Gender Pay Gap Report 2022
At Vergo Pest Management Ltd, we know that diversity in gender and all other forms amongst our workforce is critical for building a successful, robust, and sustainable business. We strive to be an employer of choice that
recognises and rewards all talent equally, and we understand the importance of gender equality. This report showcases our commitment to closing the gender pay gap. It highlights the findings of our assessment, the measures we have put in place to address the pay gap, and our plans towards achieving gender pay parity.
Our gender pay gap
This is our annual gender pay gap report for the snapshot date of 5 April 2022.
- Our mean gender pay gap is 10.2%
- Our median gender pay gap is 13.3%
- Our mean gender bonus gap is 55.8%
- Our median gender bonus gap is 89.9%
- The proportion of male employees receiving a bonus is 82.7%, whereas the proportion of female employees receiving a bonus is 85.7%
Pay quartiles by gender
This table shows our workforce divided into four equal-sized groups based on hourly pay rate. The Lower quartile includes the lowest-paid 25% of employees, and the Upper quartile covers the highest-paid 25%.
The percentage of Male to female employees in each quartile is 80.5% or more.
Why do we have a gender pay gap?
We are committed to equal opportunities and treatment for all employees, regardless of sex, race, religion or belief, age, marriage or civil partnership, pregnancy/maternity, sexual orientation, gender reassignment or disability. We have a clear policy of paying employees equally for the same or equivalent work, regardless of their sex (or anything else listed above). We conduct regular pay and benefits audits, provide equal pay training for all employees involved in pay reviews, and evaluate job roles and pay grades to ensure fairness.
We are confident that our gender pay gap is not because we pay men and women differently for the same or equivalent work. Instead, our gender pay gap is because men and women work in different roles, and those roles have different salaries. In addition, we have a heavily male-dominated workforce, which is the norm in the pest control industry.
In the UK, it is also not uncommon for more men to hold more senior positions than women. Men tend to be in higher-paying technical and IT-related roles, while women are likelier to take work breaks to raise children or work part-time in lower-paid positions. This trend is also reflected in our organisation, where most managers and senior management team members are men.
The table above shows our workforce divided into four equal-sized groups based on hourly pay rate. Band A includes the lowest-paid 25% of employees (the lower quartile), and band D covers the highest-paid 25% (the upper quartile). If we had no gender pay gap, each band would have an equal ratio of men to women. However, 19.5% of the employees in band A are women, and 80.5% are men. The percentage of male employees increases throughout the remaining bands, from 86.5% in band B to 89.2% in band D.

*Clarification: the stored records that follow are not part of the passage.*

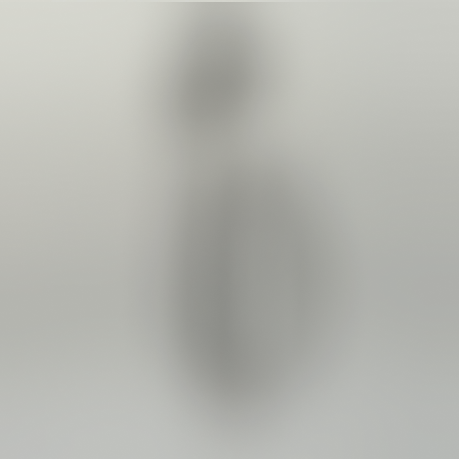 A blurred image of a dog accessory on a gray background.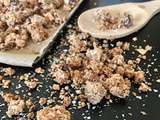 Granola fait maison : chocolat et noix de coco (okara)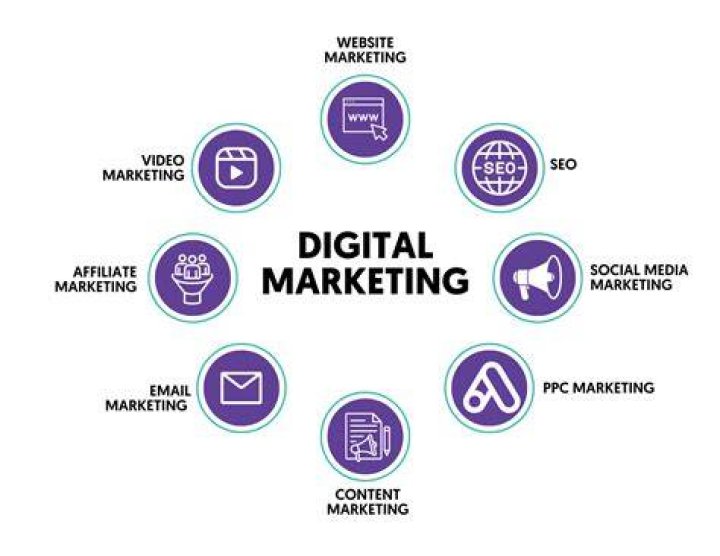 An Expert In Digital Marketing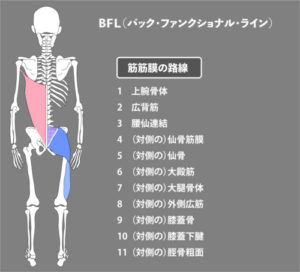 広背筋：筋膜：BFL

How does our gender pay gap compare with others?
At the time of reporting, most of our workforce is operational and male in gender. However, our median gender pay gap is lower than the national average median gender pay gap, which is 14.9% (according to the October 2022 ONS ASHE figures) by 1.6% and has decreased by 12.1% year on year from 27% in 2021 to 13.3% in 2022.
What are we doing to close our gender pay gap?
Although our gender pay gap compares favourably and is currently below the national average median gender pay gap and has improved over the last 12 months, we are committed to doing everything we can to continue to reduce the gap. We know this will be challenging in a male-dominated industry where attracting more women into the sector is difficult, particularly in operational roles, which primarily fall in the lower and lower middle quartiles.
We know achieving a representational balance between male and female colleagues is critical to closing the gender pay gap, and we will continue recruiting women into operational front-line pest control roles and mid-level support and managerial roles. Building our female representation in these roles will create a pipeline of women for future middle and senior manager roles. In support of this, we encourage women to consider front-line pest technician roles by offering foot technician positions on smaller dedicated patches, term-time only and part-time opportunities where we can, to attract working parents who need to work around childcare commitments.
We have launched our new flexible working policy for all employees and have introduced other policies to offer and support a positive work-life balance, including hybrid working, a sabbatical leave policy and a birthday day off benefit.
We also conduct regular pay audits and address any pay disparities that are identified, as well as areas that need improvement to eliminate any gender bias.
In isolation, none of these initiatives will remove the gender pay gap, and it will take some time for a real impact to be seen. However, we will continue to monitor and report on what we are doing to reduce the gender pay gap.